Komorbiditäten / Kategorie Organsystem Priorität Gruppe 1: High risk BGP (Detaillierte Definitionen)
Herzerkrankung
  • Chronische Herzinsuffizienz ab NYHA II
  • Symptomatische chron. ischämische Herzkrankheit trotz medizinischer Therapie
Arterielle Hypertonie
  • Therapieresistente (˃ 160 mmHg) Hypertonie oder Hypertonie mit kardialen Komplikationen oder anderen Endorgan-Schäden
Atemwegs-Erkrankung
  • Chronisch-obstruktive Lungenerkrankung (COPD) ab GOLD II
  • Emphysem/schwere Bronchiektasen
  • Interstitielle Pneumopathie / Lungenfibrose
  • Krankheiten mit einer schwer verminderten Lungenkapazität
Lebererkrankung
  • Leberzirrhose mit Dekompensation in der Vorgeschichte
Nierenerkrankung
  • Schwere, chronische Niereninsuffizienz ab GFR ˂30ml/min
Diabetes mellitus
  • Diabetes mellitus (Typ 1 oder 2) mit relevanten Organschäden; oder schlecht eingestellt (HbA1c≥8%)
Adipositas
  • Erwachsene mit einem BMI von ≥35 kg/m2
Immundefizienz*, angeborenen oder erworben durch Erkrankung* oder Immunsuppressive Therapie*
Relevante Immundefizienz bei
  • malignen hämatologischen Erkrankungen
  • Neoplasien/Krebserkrankungen unter aktiver Therapie
  • immun-vermittelten entzündlichen Erkrankungen (z.B. systemischer Lupus erythematodes, rhematoide Arthritis, Psoriasis, chron. entzündliche Darmerkrankungen), welche eine immunsuppressive Therapie erhalten (inkl. Prednisolon-Äquivalent ˃20mg/Tag, steroidsparende Therapien und Biologika)
  • HIV-Infektion ab CD4T Zellzahl ˂200/µL
  • Organtransplantierte, Knochenmark- oder Stammzell-Transplantierte sowie Personen auf einer Warteliste für Transplantationen
Trisomie 21
  • Erwachsene mit Trisomie 21

*Die Impfindikation muss nach sorgfältiger Nutzen-Risiko-Abwägung durch die betreuende Spezialärztin / den betreuenden Spezialarzt getätigt werden.

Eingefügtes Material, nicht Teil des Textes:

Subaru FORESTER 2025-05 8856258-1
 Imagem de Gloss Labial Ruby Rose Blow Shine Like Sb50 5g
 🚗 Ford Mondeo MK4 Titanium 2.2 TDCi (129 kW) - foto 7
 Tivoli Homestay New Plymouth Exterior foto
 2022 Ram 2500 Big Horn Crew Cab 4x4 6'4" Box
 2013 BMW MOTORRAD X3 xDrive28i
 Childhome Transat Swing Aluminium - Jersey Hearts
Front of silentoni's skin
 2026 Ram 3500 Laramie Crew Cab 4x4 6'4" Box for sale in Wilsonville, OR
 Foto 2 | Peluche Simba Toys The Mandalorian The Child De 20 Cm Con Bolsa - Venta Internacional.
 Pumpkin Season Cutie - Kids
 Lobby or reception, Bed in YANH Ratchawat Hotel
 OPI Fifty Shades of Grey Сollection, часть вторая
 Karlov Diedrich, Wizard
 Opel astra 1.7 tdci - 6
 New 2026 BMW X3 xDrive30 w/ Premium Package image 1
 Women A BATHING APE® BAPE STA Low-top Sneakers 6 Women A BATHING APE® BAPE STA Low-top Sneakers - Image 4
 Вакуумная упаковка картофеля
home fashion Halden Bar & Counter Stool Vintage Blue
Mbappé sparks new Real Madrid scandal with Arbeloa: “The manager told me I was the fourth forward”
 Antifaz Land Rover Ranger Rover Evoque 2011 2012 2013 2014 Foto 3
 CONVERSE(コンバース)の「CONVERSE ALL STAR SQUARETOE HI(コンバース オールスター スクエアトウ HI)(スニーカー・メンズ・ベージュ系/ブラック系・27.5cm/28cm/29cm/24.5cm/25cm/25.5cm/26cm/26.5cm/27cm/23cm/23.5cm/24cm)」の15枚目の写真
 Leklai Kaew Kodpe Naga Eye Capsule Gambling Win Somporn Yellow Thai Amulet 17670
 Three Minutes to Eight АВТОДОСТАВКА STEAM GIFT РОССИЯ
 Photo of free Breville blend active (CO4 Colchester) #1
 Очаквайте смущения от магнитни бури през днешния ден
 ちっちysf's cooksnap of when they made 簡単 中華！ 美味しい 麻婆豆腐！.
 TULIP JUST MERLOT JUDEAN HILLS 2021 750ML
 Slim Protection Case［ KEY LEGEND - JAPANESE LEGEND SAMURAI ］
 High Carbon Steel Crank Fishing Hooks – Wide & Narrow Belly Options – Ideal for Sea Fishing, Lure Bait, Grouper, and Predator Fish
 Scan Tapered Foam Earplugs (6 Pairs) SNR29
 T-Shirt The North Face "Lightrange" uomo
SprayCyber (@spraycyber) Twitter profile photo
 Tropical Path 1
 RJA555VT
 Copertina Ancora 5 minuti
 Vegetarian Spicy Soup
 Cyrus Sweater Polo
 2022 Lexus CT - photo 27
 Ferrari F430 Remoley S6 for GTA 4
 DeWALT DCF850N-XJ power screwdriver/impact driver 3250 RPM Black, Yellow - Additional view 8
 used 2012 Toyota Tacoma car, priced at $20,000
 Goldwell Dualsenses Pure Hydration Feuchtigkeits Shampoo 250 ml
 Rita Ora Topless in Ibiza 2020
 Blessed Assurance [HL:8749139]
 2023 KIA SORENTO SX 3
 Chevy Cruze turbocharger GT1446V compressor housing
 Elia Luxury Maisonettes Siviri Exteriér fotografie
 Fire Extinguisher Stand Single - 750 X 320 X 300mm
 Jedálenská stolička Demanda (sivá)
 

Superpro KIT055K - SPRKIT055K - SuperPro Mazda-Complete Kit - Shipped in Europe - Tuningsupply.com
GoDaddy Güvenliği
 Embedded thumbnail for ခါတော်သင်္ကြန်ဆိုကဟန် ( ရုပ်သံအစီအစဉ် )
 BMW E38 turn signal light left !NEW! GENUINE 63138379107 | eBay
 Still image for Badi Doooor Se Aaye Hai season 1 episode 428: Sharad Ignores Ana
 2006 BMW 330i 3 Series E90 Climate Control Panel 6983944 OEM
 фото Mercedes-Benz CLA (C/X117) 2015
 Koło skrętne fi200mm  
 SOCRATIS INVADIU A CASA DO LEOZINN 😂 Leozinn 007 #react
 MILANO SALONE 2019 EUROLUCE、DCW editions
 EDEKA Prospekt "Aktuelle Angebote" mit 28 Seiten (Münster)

Liste gemäss Impfempfehlung BAG/EKIF für mRNA-Impfstoffe gegen COVID-19 (Stand 14.09.2021)

Impfung von 12- bis 15-Jährigen

Impfung allen Jugendlichen empfohlen

Die Impfung ist gemäss Impfempfehlung des BAG und der EKIF allen Jugendlichen im Alter von 12 bis 15 Jahren ohne Vorbehalte empfohlen. Es stehen mehr Daten zur Sicherheit der Impfung von Jugendlichen im Alter von 12–17 Jahren aus den USA zur Verfügung (über 9 Millionen Comirnaty-Geimpfte).

Impfstoff Spikevax (Moderna) und Comirnaty (PfizerBioNTech) ab 12 Jahren zugelassen

Neben dem Impfstoff Comirnaty von Pfizer/BioNTech ist auch der Impfstoff Spikevax von Moderna für Jugendliche ab 12 Jahren durch Swissmedic zugelassen. Nicht zugelassen ab 12 Jahren ist der Impfstoff Janssen von Johnson & Johnson, dieser darf erst ab 18 Jahren verabreicht werden.

Impfungen an fünf Standorten und in Impfmobilen

Geimpft werden Jugendliche in den Impfzentren Winterthur, Uster, Triemli und am Referenz-Impfzentrum EBPI Zürich sowie am Kinderspital Zürich. Auch in den seit Ende August zum Einsatz kommenden Impfmobilen werden Jugendliche geimpft.

Begleitung der Jugendlichen wird empfohlen

Urteilsfähige Minderjährige können selber entscheiden, ob sie sich impfen lassen wollen. Die Urteilsfähigkeit wird vermutet. Allerdings empfiehlt die Gesundheitsdirektion,  dass sich die Jugendlichen von einem gesetzlichen Vertreter oder einer gesetzlichen Vertreterin zur Impfung begleiten lassen.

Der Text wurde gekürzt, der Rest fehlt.